Module I

The Machine

Chapter I

The Foundation

Every complex thing is built on something simple.

A skyscraper starts underground. Before a single floor rises above the street, the foundation is poured. Concrete and steel that no one will ever see, buried before anything else begins. Unglamorous. Essential. Everything above it depends on it being right.

Understanding something complex works the same way. You can live with it, use it, navigate it, and never really know it. To truly understand something, you have to tear it down to its core. Then you build it back up, piece by piece, until you can see how each part depends on the one beneath it.

To understand artificial intelligence, we have to start at the very beginning. Not with algorithms, not with data, not with the word "neural." With the actual physical thing that makes all of it possible. The machine underneath the machine.

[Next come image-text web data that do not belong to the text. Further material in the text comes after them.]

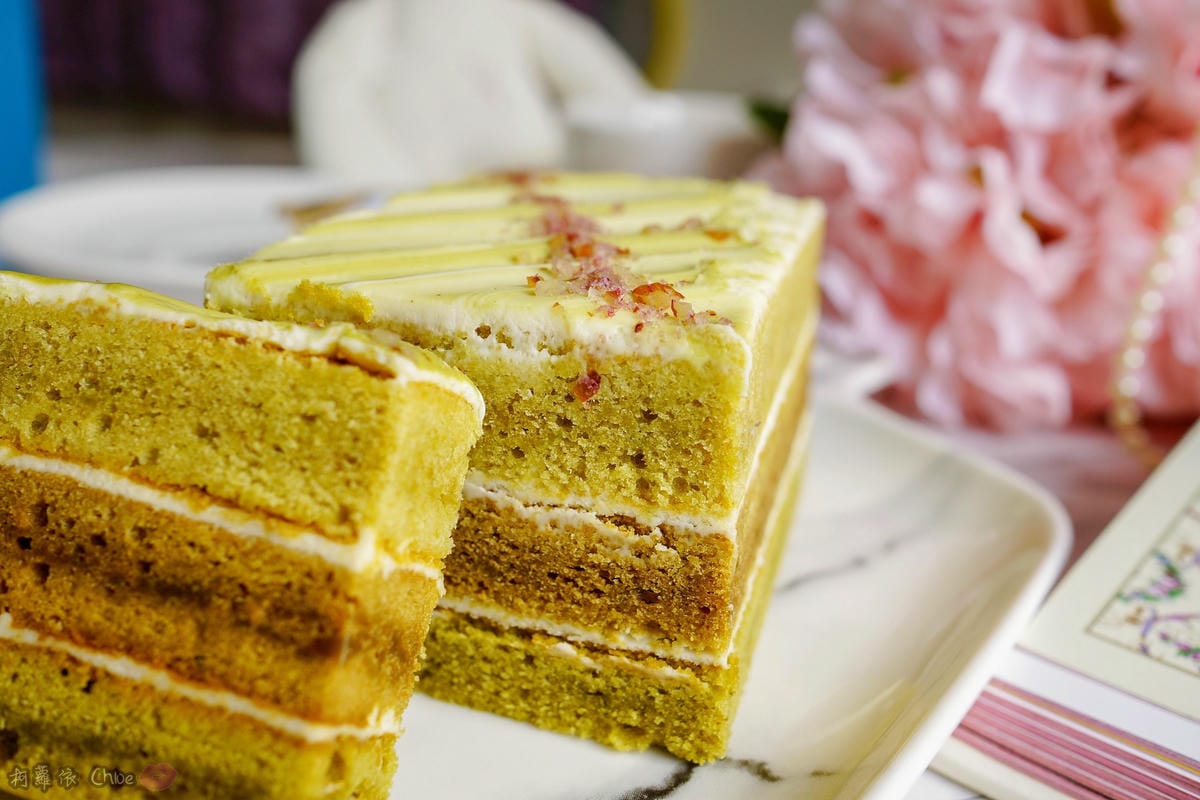 彌月禮推薦 吃出幸福感 完美比例充滿層次的茶香磅蛋糕!有甘田x番尼豬 彌月蛋糕禮盒14.jpg 彌月禮推薦 吃出幸福感 完美比例充滿層次的茶香磅蛋糕!有甘田x番尼豬 彌月蛋糕禮盒14.jpg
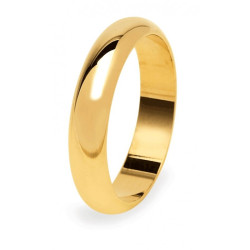 fede 5,0mm tradizionale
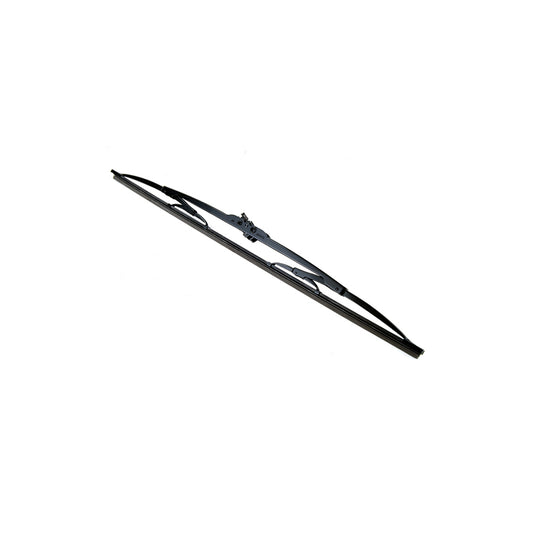 Bosch Super Plus Universal Wiper Blade Sp21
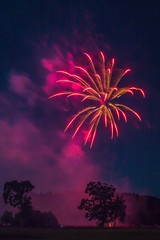 Fireworks 2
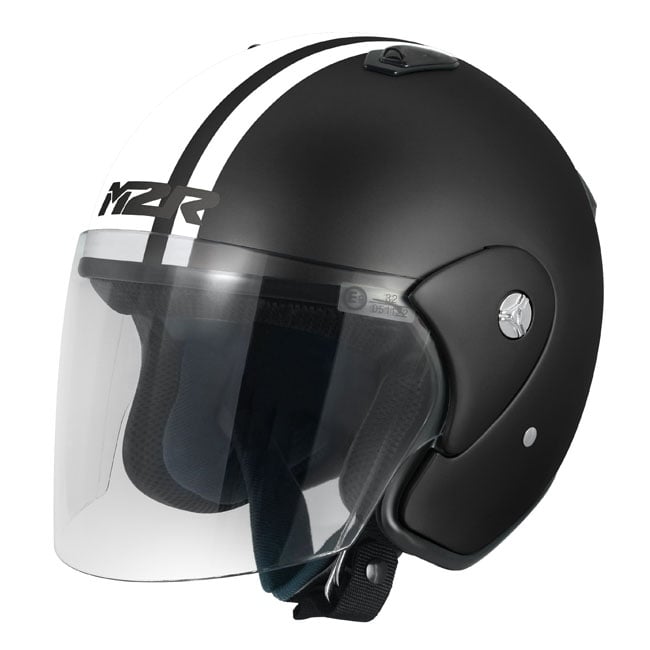 M2R 290 Urban Helmet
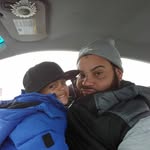 Marcos Masso - @marcos.masso.79 - Instagram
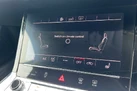 2019-audi-e-tron-55e-launch-edition-small-25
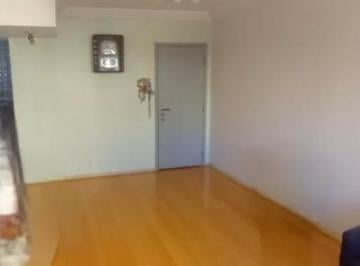 Apartamento · 110m² · 3 Quartos · 2 Vagas · Apartamento para venda, 3 quarto(s), Santa Cecília, São Paulo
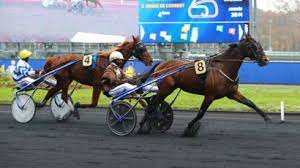 Maybe you would like to learn more about one of these? 07 12 2020 Vincennes Prix Des Alpes Resultats Rapports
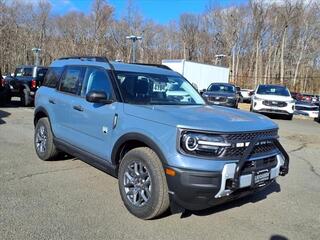 2025 Ford Bronco Sport for sale in Watchung NJ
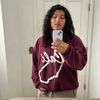 ggbdavid004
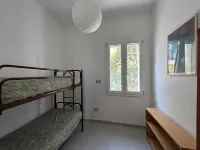 Independent villa just steps from the sea Hotels in Trabia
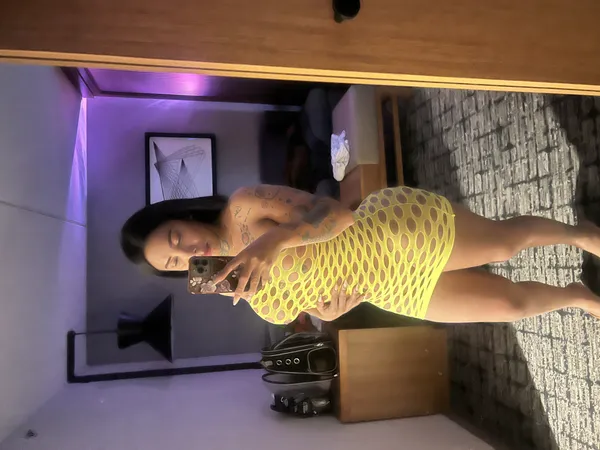 Escorts Columbus, Ohio Dublín fuck me ver💦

A computer, at its most fundamental level, is made of billions of tiny components that each do exactly one thing: they are either on, or off. Nothing in between. No maybe. No almost. Just on, or off.

From that one idea, combined and arranged in the right ways, billions of times over, comes everything you have ever done on a screen. Every calculation. Every word. Every image. Every decision a program has ever made.

That is what this chapter is about. How on and off becomes arithmetic. How arithmetic becomes memory. How memory becomes language. How language becomes something that feels, sometimes, almost like thought.

Once you see this foundation, everything built on top of it will start to make a little more sense.